*** Supplied material ***
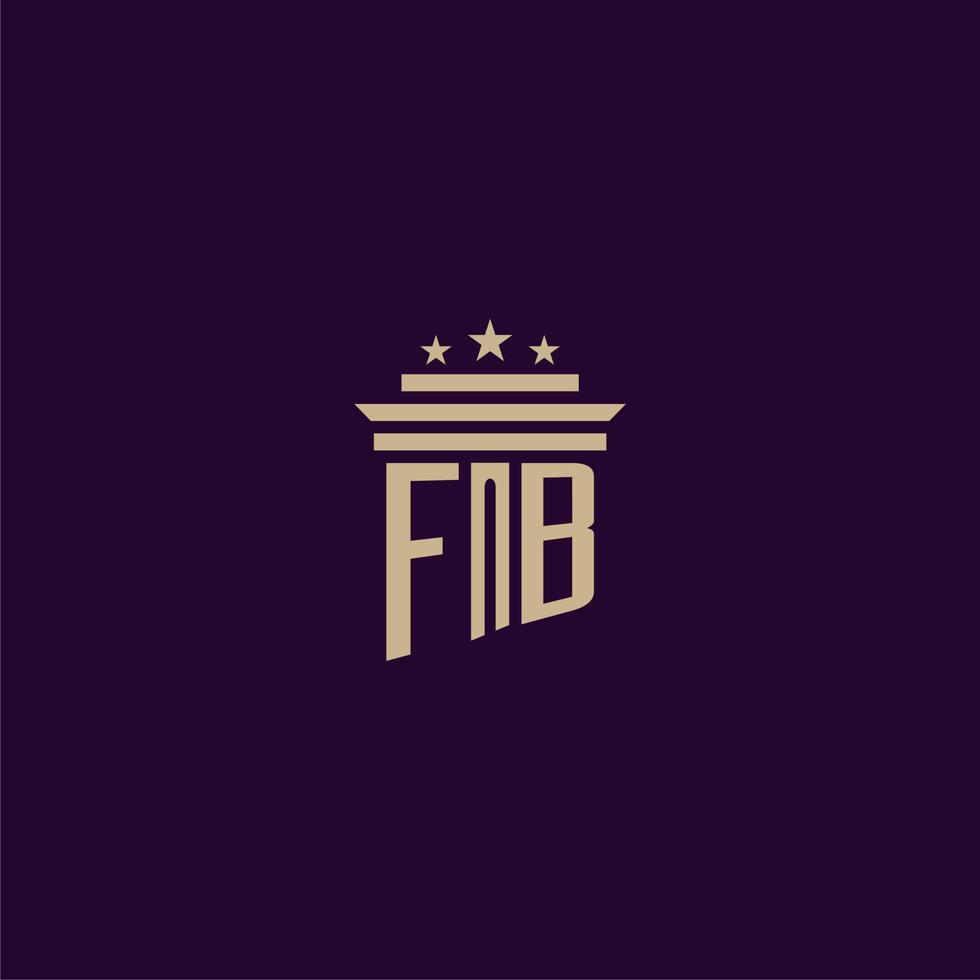 fb iniziale monogramma logo design per studio legale avvocati con pilastro vettore Immagine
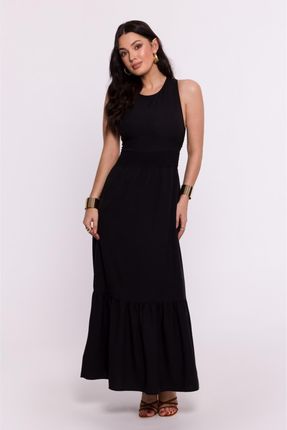 B281 Sukienka z gumowanym paskiem i wiązaniem na plecach - czarna (kolor czarny, rozmiar L)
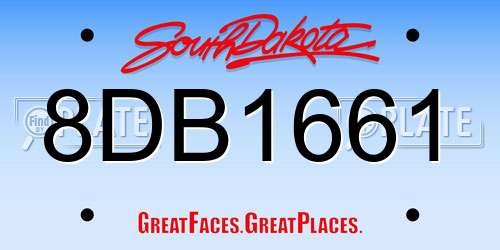 8DB1661 South Dakota License Plate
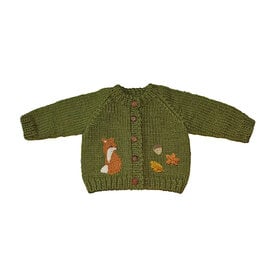 The Blueberry Hill The Blueberry Hill Baby Fox Cardigan - Winter Acorn Leaf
*** End of Supplied material ***
▶ **Your objective**: Aside from its pictures, the listing must be given again in full, exactly as it appears.

▶ **Response to this exercise**:
 fb iniziale monogramma logo design per studio legale avvocati con pilastro vettore Immagine
 B281 Sukienka z gumowanym paskiem i wiązaniem na plecach - czarna (kolor czarny, rozmiar L)
 8DB1661 South Dakota License Plate
 The Blueberry Hill The Blueberry Hill Baby Fox Cardigan - Winter Acorn Leaf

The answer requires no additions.